*** Opening Given data ***

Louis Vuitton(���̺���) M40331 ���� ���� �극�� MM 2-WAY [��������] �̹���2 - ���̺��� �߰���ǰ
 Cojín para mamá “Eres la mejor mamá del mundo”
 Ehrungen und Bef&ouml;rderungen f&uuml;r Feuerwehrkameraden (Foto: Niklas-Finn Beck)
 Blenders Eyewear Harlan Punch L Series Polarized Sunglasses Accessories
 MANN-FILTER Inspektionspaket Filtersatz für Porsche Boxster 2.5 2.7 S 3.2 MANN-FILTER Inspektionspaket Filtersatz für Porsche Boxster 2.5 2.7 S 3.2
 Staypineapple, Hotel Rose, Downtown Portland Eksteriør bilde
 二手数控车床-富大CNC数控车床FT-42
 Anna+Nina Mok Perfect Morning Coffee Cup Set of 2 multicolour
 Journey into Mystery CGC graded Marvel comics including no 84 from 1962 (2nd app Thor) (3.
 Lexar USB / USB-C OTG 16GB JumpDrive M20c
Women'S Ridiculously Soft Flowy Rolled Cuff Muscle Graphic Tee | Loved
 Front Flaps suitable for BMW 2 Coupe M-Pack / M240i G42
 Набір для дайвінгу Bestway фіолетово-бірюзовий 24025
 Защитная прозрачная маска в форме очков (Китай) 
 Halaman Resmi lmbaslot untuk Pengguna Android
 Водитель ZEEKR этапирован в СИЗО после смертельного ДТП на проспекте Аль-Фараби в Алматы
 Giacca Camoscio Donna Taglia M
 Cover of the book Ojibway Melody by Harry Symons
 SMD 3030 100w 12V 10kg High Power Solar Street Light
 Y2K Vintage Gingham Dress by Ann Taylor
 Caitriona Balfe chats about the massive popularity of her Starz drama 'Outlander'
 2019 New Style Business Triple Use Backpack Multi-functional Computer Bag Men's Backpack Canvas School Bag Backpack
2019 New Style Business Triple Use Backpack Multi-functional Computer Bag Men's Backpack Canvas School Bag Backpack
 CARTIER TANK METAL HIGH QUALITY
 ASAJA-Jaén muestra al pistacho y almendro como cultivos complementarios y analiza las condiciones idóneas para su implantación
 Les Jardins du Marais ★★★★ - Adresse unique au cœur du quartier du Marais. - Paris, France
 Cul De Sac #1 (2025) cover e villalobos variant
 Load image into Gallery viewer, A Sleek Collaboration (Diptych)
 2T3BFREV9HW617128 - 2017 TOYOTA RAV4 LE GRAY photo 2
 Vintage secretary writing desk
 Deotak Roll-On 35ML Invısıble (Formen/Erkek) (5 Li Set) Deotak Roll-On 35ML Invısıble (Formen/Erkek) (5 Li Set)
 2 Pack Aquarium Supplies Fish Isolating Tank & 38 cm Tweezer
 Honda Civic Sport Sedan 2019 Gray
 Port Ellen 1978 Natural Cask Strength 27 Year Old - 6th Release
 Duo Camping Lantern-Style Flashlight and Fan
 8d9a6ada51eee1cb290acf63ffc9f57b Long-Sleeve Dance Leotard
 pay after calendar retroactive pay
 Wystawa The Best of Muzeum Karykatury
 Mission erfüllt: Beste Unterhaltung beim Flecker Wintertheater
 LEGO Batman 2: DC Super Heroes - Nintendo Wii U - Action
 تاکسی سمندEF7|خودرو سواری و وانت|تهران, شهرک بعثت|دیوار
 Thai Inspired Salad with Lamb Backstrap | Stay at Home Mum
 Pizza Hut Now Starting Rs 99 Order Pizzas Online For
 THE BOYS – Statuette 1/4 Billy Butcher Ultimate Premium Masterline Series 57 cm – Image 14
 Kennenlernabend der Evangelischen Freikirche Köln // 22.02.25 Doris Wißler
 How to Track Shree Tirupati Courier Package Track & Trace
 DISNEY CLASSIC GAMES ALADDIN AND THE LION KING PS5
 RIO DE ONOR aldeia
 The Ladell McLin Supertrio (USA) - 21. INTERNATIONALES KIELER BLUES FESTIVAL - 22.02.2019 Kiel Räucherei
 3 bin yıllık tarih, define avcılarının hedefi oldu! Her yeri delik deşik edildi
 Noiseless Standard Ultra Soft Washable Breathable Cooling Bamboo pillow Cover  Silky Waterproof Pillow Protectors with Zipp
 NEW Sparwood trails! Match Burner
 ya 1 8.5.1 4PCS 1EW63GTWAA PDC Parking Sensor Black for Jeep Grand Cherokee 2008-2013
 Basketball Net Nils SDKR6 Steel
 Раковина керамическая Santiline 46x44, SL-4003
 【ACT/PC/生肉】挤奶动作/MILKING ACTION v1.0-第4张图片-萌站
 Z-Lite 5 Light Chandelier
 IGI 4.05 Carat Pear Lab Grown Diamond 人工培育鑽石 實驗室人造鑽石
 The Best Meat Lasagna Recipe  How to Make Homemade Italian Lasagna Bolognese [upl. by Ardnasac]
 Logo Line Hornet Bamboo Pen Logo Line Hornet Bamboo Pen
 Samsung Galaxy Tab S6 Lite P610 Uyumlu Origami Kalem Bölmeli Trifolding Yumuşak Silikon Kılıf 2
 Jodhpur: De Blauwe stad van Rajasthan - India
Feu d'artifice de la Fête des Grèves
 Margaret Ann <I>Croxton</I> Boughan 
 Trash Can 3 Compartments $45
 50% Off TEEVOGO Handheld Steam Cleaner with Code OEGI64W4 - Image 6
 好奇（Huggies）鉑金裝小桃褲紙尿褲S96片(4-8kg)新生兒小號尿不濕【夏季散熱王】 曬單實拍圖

*** Closing Given data ***

§ **Task item**: Return all of the data word for word.

§ **Solution to the exercise**:
Louis Vuitton(���̺���) M40331 ���� ���� �극�� MM 2-WAY [��������] �̹���2 - ���̺��� �߰���ǰ
 Cojín para mamá “Eres la mejor mamá del mundo”
 Ehrungen und Bef&ouml;rderungen f&uuml;r Feuerwehrkameraden (Foto: Niklas-Finn Beck)
 Blenders Eyewear Harlan Punch L Series Polarized Sunglasses Accessories
 MANN-FILTER Inspektionspaket Filtersatz für Porsche Boxster 2.5 2.7 S 3.2 MANN-FILTER Inspektionspaket Filtersatz für Porsche Boxster 2.5 2.7 S 3.2
 Staypineapple, Hotel Rose, Downtown Portland Eksteriør bilde
 二手数控车床-富大CNC数控车床FT-42
 Anna+Nina Mok Perfect Morning Coffee Cup Set of 2 multicolour
 Journey into Mystery CGC graded Marvel comics including no 84 from 1962 (2nd app Thor) (3.
 Lexar USB / USB-C OTG 16GB JumpDrive M20c
Women'S Ridiculously Soft Flowy Rolled Cuff Muscle Graphic Tee | Loved
 Front Flaps suitable for BMW 2 Coupe M-Pack / M240i G42
 Набір для дайвінгу Bestway фіолетово-бірюзовий 24025
 Защитная прозрачная маска в форме очков (Китай) 
 Halaman Resmi lmbaslot untuk Pengguna Android
 Водитель ZEEKR этапирован в СИЗО после смертельного ДТП на проспекте Аль-Фараби в Алматы
 Giacca Camoscio Donna Taglia M
 Cover of the book Ojibway Melody by Harry Symons
 SMD 3030 100w 12V 10kg High Power Solar Street Light
 Y2K Vintage Gingham Dress by Ann Taylor
 Caitriona Balfe chats about the massive popularity of her Starz drama 'Outlander'
 2019 New Style Business Triple Use Backpack Multi-functional Computer Bag Men's Backpack Canvas School Bag Backpack
2019 New Style Business Triple Use Backpack Multi-functional Computer Bag Men's Backpack Canvas School Bag Backpack
 CARTIER TANK METAL HIGH QUALITY
 ASAJA-Jaén muestra al pistacho y almendro como cultivos complementarios y analiza las condiciones idóneas para su implantación
 Les Jardins du Marais ★★★★ - Adresse unique au cœur du quartier du Marais. - Paris, France
 Cul De Sac #1 (2025) cover e villalobos variant
 Load image into Gallery viewer, A Sleek Collaboration (Diptych)
 2T3BFREV9HW617128 - 2017 TOYOTA RAV4 LE GRAY photo 2
 Vintage secretary writing desk
 Deotak Roll-On 35ML Invısıble (Formen/Erkek) (5 Li Set) Deotak Roll-On 35ML Invısıble (Formen/Erkek) (5 Li Set)
 2 Pack Aquarium Supplies Fish Isolating Tank & 38 cm Tweezer
 Honda Civic Sport Sedan 2019 Gray
 Port Ellen 1978 Natural Cask Strength 27 Year Old - 6th Release
 Duo Camping Lantern-Style Flashlight and Fan
 8d9a6ada51eee1cb290acf63ffc9f57b Long-Sleeve Dance Leotard
 pay after calendar retroactive pay
 Wystawa The Best of Muzeum Karykatury
 Mission erfüllt: Beste Unterhaltung beim Flecker Wintertheater
 LEGO Batman 2: DC Super Heroes - Nintendo Wii U - Action
 تاکسی سمندEF7|خودرو سواری و وانت|تهران, شهرک بعثت|دیوار
 Thai Inspired Salad with Lamb Backstrap | Stay at Home Mum
 Pizza Hut Now Starting Rs 99 Order Pizzas Online For
 THE BOYS – Statuette 1/4 Billy Butcher Ultimate Premium Masterline Series 57 cm – Image 14
 Kennenlernabend der Evangelischen Freikirche Köln // 22.02.25 Doris Wißler
 How to Track Shree Tirupati Courier Package Track & Trace
 DISNEY CLASSIC GAMES ALADDIN AND THE LION KING PS5
 RIO DE ONOR aldeia
 The Ladell McLin Supertrio (USA) - 21. INTERNATIONALES KIELER BLUES FESTIVAL - 22.02.2019 Kiel Räucherei
 3 bin yıllık tarih, define avcılarının hedefi oldu! Her yeri delik deşik edildi
 Noiseless Standard Ultra Soft Washable Breathable Cooling Bamboo pillow Cover  Silky Waterproof Pillow Protectors with Zipp
 NEW Sparwood trails! Match Burner
 ya 1 8.5.1 4PCS 1EW63GTWAA PDC Parking Sensor Black for Jeep Grand Cherokee 2008-2013
 Basketball Net Nils SDKR6 Steel
 Раковина керамическая Santiline 46x44, SL-4003
 【ACT/PC/生肉】挤奶动作/MILKING ACTION v1.0-第4张图片-萌站
 Z-Lite 5 Light Chandelier
 IGI 4.05 Carat Pear Lab Grown Diamond 人工培育鑽石 實驗室人造鑽石
 The Best Meat Lasagna Recipe  How to Make Homemade Italian Lasagna Bolognese [upl. by Ardnasac]
 Logo Line Hornet Bamboo Pen Logo Line Hornet Bamboo Pen
 Samsung Galaxy Tab S6 Lite P610 Uyumlu Origami Kalem Bölmeli Trifolding Yumuşak Silikon Kılıf 2
 Jodhpur: De Blauwe stad van Rajasthan - India
Feu d'artifice de la Fête des Grèves
 Margaret Ann <I>Croxton</I> Boughan 
 Trash Can 3 Compartments $45
 50% Off TEEVOGO Handheld Steam Cleaner with Code OEGI64W4 - Image 6
 好奇（Huggies）鉑金裝小桃褲紙尿褲S96片(4-8kg)新生兒小號尿不濕【夏季散熱王】 曬單實拍圖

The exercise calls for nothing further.